En cumbre de la Celac, Orsi habló de Marset y agradeció a gobiernos de Bolivia y Paraguay por su captura

“La cooperación brindada permitió la detención de un peligroso narcotraficante de origen uruguayo”, dijo el primer mandatario. Uruguay asumió presidencia pro tempore del organismo.

Yamandú Orsi en cumbre de la Celac.
Yamandú Orsi en cumbre de la Celac.
Foto: Presidencia de la República.

En nombre de Uruguay, el presidente de la República, Yamandú Orsi, asumió la presidencia pro tempore de la Comunidad de Estados Latinoamericanos y Caribeños (Celac). En la décima cumbre de jefes de Estado del organismo multilateral, el primer mandatario hizo uso de la palabra pasada la hora 17:30 de Uruguay.

Sobre el final del discurso, planteó que existe un desafío que atraviesa a todos los países de la región y que hay “que enfrentar con claridad”.

“Hablo del avance del crimen organizado trasnacional. Hay una paradoja que interpela a la región. Estamos libres de conflictos armados entre estados, pero convivimos con niveles de violencia interna extremadamente altos. Con solo el 8% de la población mundial, América Latina y el Caribe concentran más del 30% de los homicidios del planeta. En muchos países la violencia es una de las principales causas de muerte entre los jóvenes y detrás de estas cifras está el narcotráfico, el tráfico ilícito de armas, las redes criminales que operan a escala internacional”, denunció, al tiempo que llamó a fortalecer la colaboración entre los países en materia de seguridad.

Aprovechando la instancia, el presidente agradeció a los gobiernos de Paraguay y de Bolivia por su trabajo en la detención de Sebastián Marset. “La cooperación brindada permitió la captura de un peligroso narcotraficante de origen uruguayo”, reconoció el presidente.

Una región de paz

Como adelantó El País en su edición del sábado, Orsi hizo hincapié en que Uruguay y los demás países miembros de la Celac forman parte de una región en la que reina la paz, en el marco del contexto internacional y bélico que se está dando en Medio Oriente.

“Elegir la paz es una decisión que exige diálogo cuando es más fácil romperlo. Exige instituciones cuando la tentación es ignorarlas. Exige acuerdos cuando las posiciones parecen irreconciliables. La paz no ocurre sola, se construye con paciencia, con reglas e instituciones capaces de transformar nuestras tensiones en convivencia. América Latina y el Caribe han sabido recorrer ese camino”, comenzó su discurso el presidente.

A continuación, subrayó que lograr esas condiciones de ausencia de conflictos bélicos es producto de “decisiones políticas sostenidas durante décadas” y preservar la paz implica también “una responsabilidad”.

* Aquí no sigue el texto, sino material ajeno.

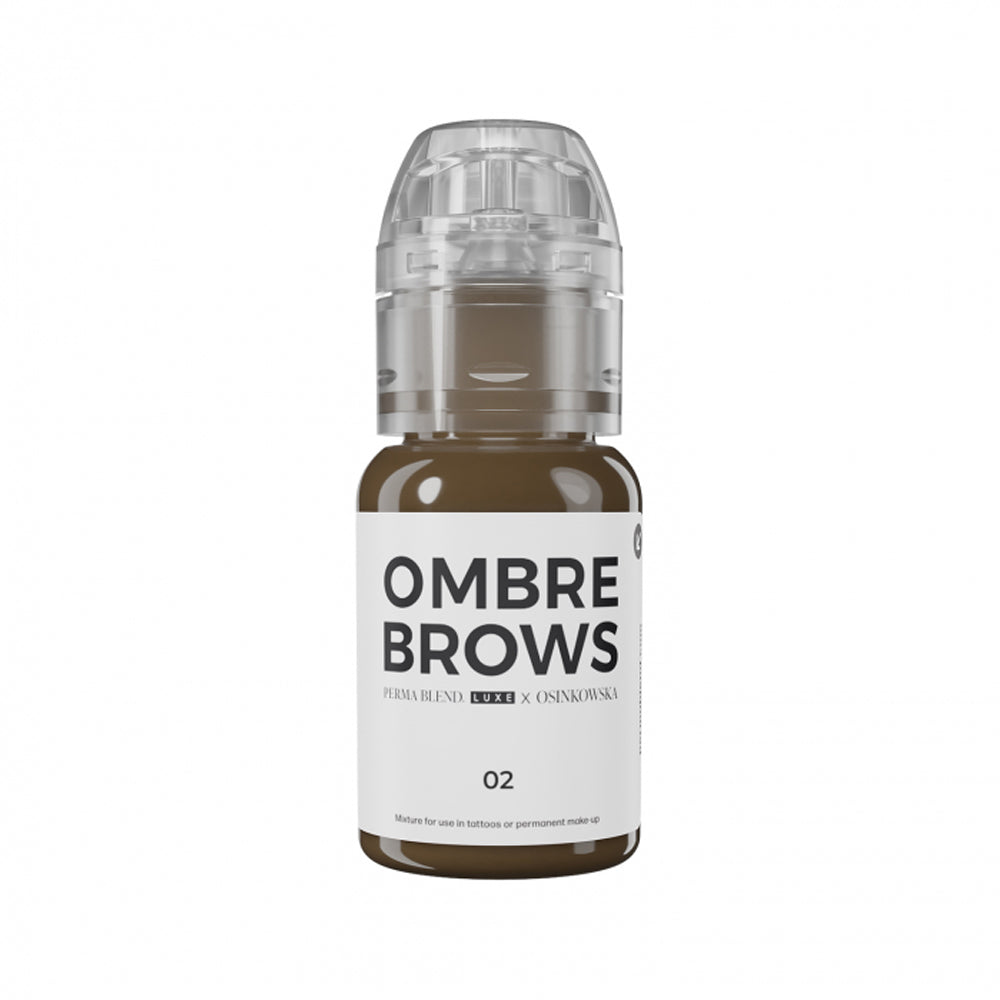 Ombre brows base 2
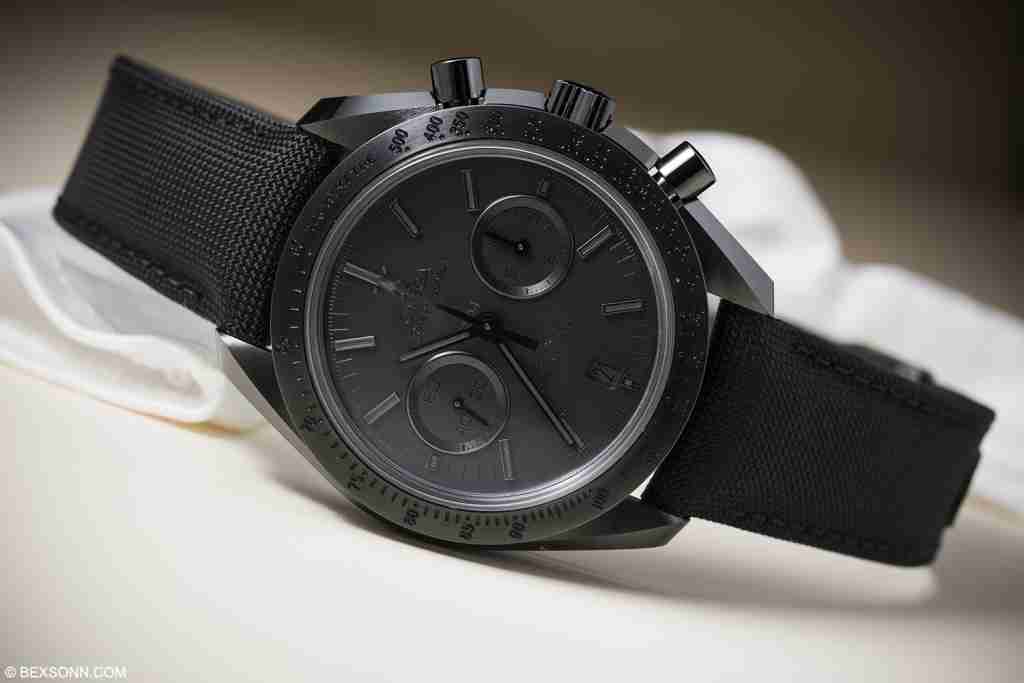 Introducing the Omega Speedmaster Dark Side of the Moon Collection ...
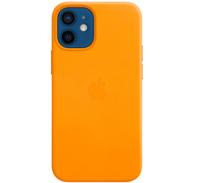 Apple Leren MagSafe Hoesje iPhone 12 Mini California Poppy - thumbnail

“Uruguay asume esta responsabilidad con el compromiso de fortalecer un ámbito de cooperación que reúne a 33 países de América Latina y el Caribe. Es un honor ejercer la presidencia, pero también es coherente con una convicción que forma parte de nuestra identidad como uruguayo", apuntó.

Para Uruguay, prosiguió, “paz e integración siempre han sido parte de la misma idea”. Sobre el segundo punto, el jefe de Estado uruguayo destacó el importante rol del “multilateralismo”.

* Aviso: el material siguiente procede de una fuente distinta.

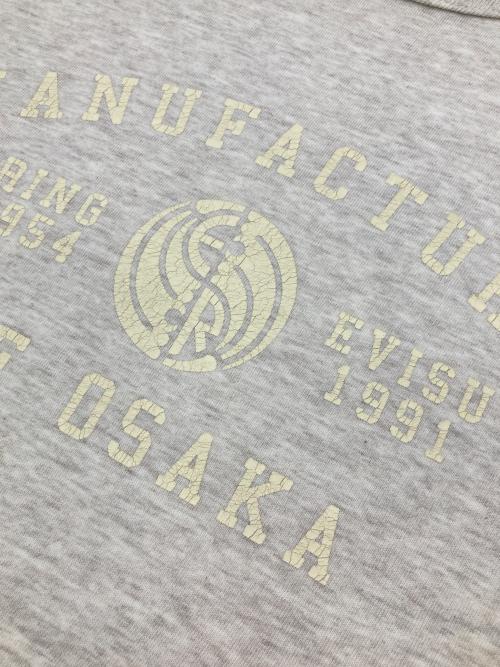 EVISURING（エヴィスリング）EVISURING (エヴィスリング) RING JACKET (リングジャケット) クロスオーバー半袖Ｔシャツ ベージュ サイズ:40の古着・服飾アイテム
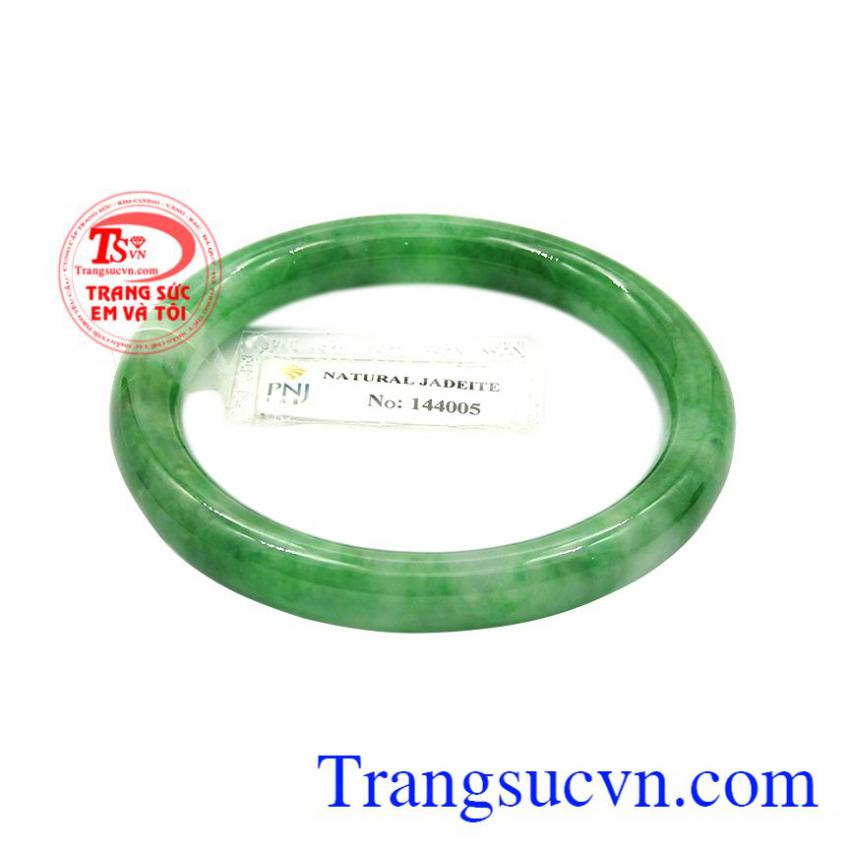Jadeit-Vòng ngọc cẩm thạch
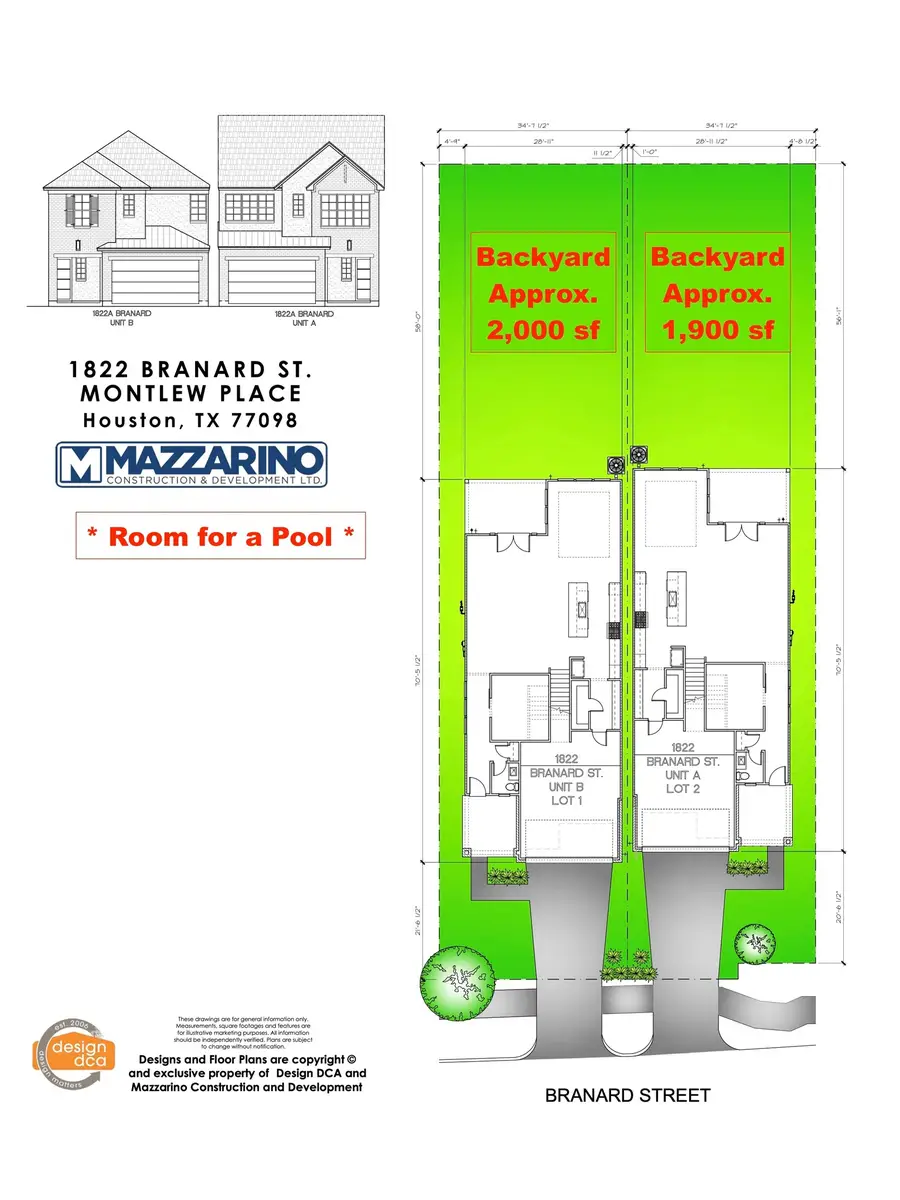 1822 Branard Street #B, Houston, TX 77098 - #2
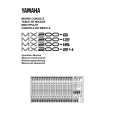 YAMAHA MX200-16 Owners Manual YAMAHA MX200-16 Owners Manual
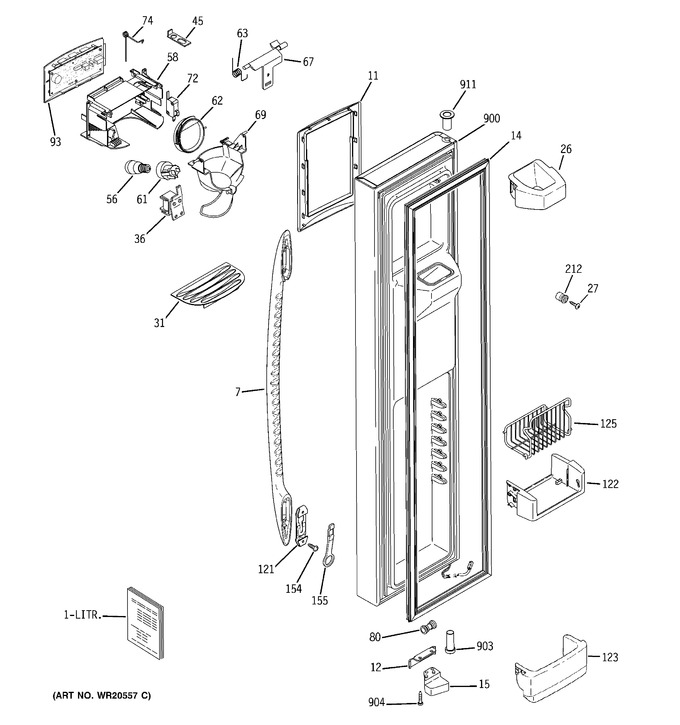 Diagram for PSC25MGTBBB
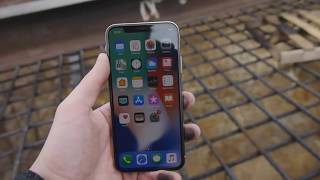 Dropping an iPhone Down a Hole!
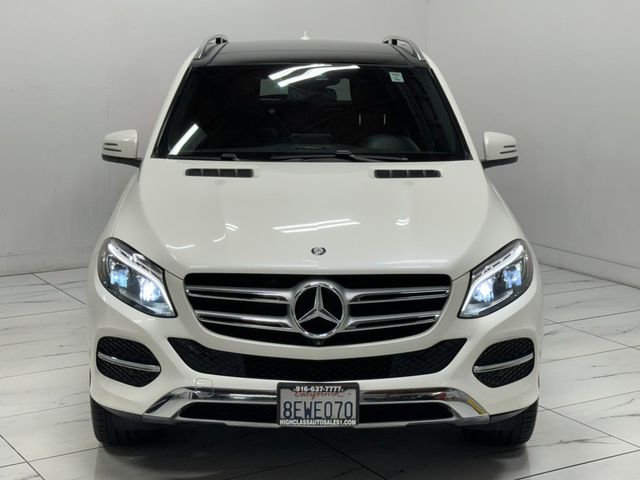 2016 Mercedes-Benz GLE 350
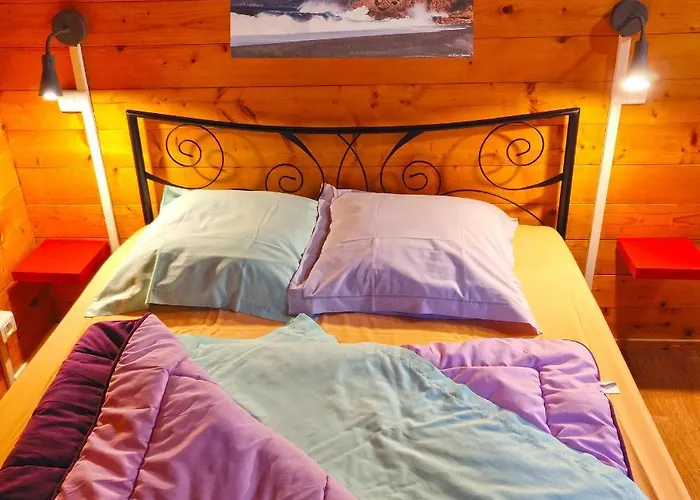 Campingplads Funtana A L'ora Porto (Corsica)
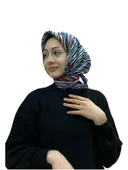 AKER İPEK KREP SATEN EŞARP 8986701 thumbnail 5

“No es una abstracción diplomática, es la herramienta que permite que los estados cooperen y encuentren acuerdos. Transformen esa cooperación en oportunidades para sus pueblos. La Celac expresa ese propósito. Una comunidad no ocurre por accidente, se construye al generar confianza e identificando objetivos compartidos. Se construye trabajando juntos, incluso como dije hoy, cuando las visiones no coinciden”, desarrolló.

Posteriormente, el presidente hizo una alusión histórica referenciando al libertador Simón Bolívar. “Hace más de dos siglos Bolivar convocaba al Congreso Anfictiónico de Panamá con una intuición poderosa: que nuestras naciones debían encontrarse para preservar su libertad. Hoy seguimos y seguiremos intentando lo mismo”, instó Orsi sentado al lado del presidente de Colombia, Gustavo Petro.

Tras esto, el mandatario usó un habitual recurso retórico utilizado por el expresidente José Mujica cuando también hacía uso de la palabra en cumbres internacionales. “Desde el pequeño país del sur, sabemos bien lo que significa ese ejercicio. Uruguay es una sociedad plural, diversa en ideas y tradiciones políticas. Esa pluralidad nos obligó a aprender algo fundamental: a dialogar, negociar y construir acuerdos entre los que piensan distinto”, reflexionó.